Reproduce exactly the opening lines of the listing, stopping after the line that contains "рджрд░реНрд╢рдиред #Mahakaleshwar рдЬрдп" and including it.

## [Data block]
====

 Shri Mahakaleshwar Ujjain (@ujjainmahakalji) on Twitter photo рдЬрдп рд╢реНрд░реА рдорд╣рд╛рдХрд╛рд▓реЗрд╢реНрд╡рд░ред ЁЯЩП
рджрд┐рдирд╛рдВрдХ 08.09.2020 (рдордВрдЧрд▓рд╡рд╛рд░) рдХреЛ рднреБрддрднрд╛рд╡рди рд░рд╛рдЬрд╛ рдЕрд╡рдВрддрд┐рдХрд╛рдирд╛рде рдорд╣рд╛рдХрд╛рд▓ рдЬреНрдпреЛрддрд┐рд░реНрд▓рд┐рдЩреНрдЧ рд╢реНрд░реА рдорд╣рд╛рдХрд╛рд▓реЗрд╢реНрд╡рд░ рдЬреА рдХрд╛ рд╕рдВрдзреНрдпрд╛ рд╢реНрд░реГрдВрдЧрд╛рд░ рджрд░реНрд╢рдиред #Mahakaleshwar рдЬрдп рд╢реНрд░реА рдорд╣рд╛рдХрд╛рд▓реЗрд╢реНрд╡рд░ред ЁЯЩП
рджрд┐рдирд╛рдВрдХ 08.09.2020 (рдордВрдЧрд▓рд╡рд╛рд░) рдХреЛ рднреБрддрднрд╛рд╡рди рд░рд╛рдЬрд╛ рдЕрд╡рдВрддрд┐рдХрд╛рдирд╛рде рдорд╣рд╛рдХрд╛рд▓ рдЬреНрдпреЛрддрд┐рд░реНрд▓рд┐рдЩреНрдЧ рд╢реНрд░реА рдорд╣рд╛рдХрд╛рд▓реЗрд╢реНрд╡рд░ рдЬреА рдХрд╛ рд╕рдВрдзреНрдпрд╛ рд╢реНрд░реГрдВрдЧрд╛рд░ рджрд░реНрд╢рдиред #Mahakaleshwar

====

## [Worked solution]
 Shri Mahakaleshwar Ujjain (@ujjainmahakalji) on Twitter photo рдЬрдп рд╢реНрд░реА рдорд╣рд╛рдХрд╛рд▓реЗрд╢реНрд╡рд░ред ЁЯЩП
рджрд┐рдирд╛рдВрдХ 08.09.2020 (рдордВрдЧрд▓рд╡рд╛рд░) рдХреЛ рднреБрддрднрд╛рд╡рди рд░рд╛рдЬрд╛ рдЕрд╡рдВрддрд┐рдХрд╛рдирд╛рде рдорд╣рд╛рдХрд╛рд▓ рдЬреНрдпреЛрддрд┐рд░реНрд▓рд┐рдЩреНрдЧ рд╢реНрд░реА рдорд╣рд╛рдХрд╛рд▓реЗрд╢реНрд╡рд░ рдЬреА рдХрд╛ рд╕рдВрдзреНрдпрд╛ рд╢реНрд░реГрдВрдЧрд╛рд░ рджрд░реНрд╢рдиред #Mahakaleshwar рдЬрдп рд╢реНрд░реА рдорд╣рд╛рдХрд╛рд▓реЗрд╢реНрд╡рд░ред ЁЯЩП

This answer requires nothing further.